Do you believe abolishing private schools would improve the quality of education across the board, if so, why?
“The abolition of private schools is not a panacea in itself to improve the quality of education but a necessary policy, alongside other reforms, to make our education system more equal and fairer. The policy should be implemented alongside huge investment in comprehensives, restoring EMA, scrapping tuition fees, cancelling student debt, expanding free childcare etc.”
Lucy Powell MP’s recent investigations have found that private school children will have to sit less challenging GCSEs. Do you think a public-private system could work if it acknowledged the privilege of those students rather than having the double benefit of higher quality education and often easier examinations?
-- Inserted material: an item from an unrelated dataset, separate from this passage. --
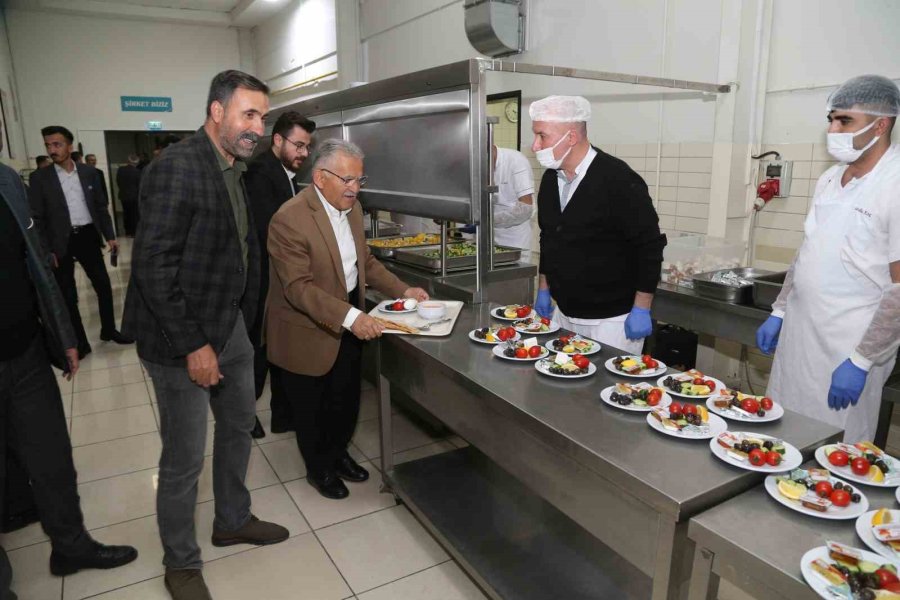 Bakan Akar Ve Başkan Büyükkılıç, Sahuru Mobilya İşçileriyle Yaptı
“Tinkering around the edges does not fix a fundamentally broken system. I believe in an education system where everybody, regardless of their background, should receive first class education on a level playing field. The very existence of private schools undermines this principle because their existence creates a two-tiered system of education where those who can afford the privilege will gain an unfair advantage over everybody else. The existence of private schools entrenches inequality and gives people, who can afford to go to private school, a fast track into powerful positions in society. It is vitally important we make our education system fairer and more equal so, to help achieve this goal, abolishing private schools will need to be a necessity.”
Grammar schools have attempted to be that slingshot for working-class students that private schools are for rich families. Would you support this if it enables young people to access the opportunity of rising the social ladder, or is a traditional socialist classless society preferable in your view?
“Only 3 out of every 100 pupils at grammar schools come from poor backgrounds. They do not help achieve social justice.”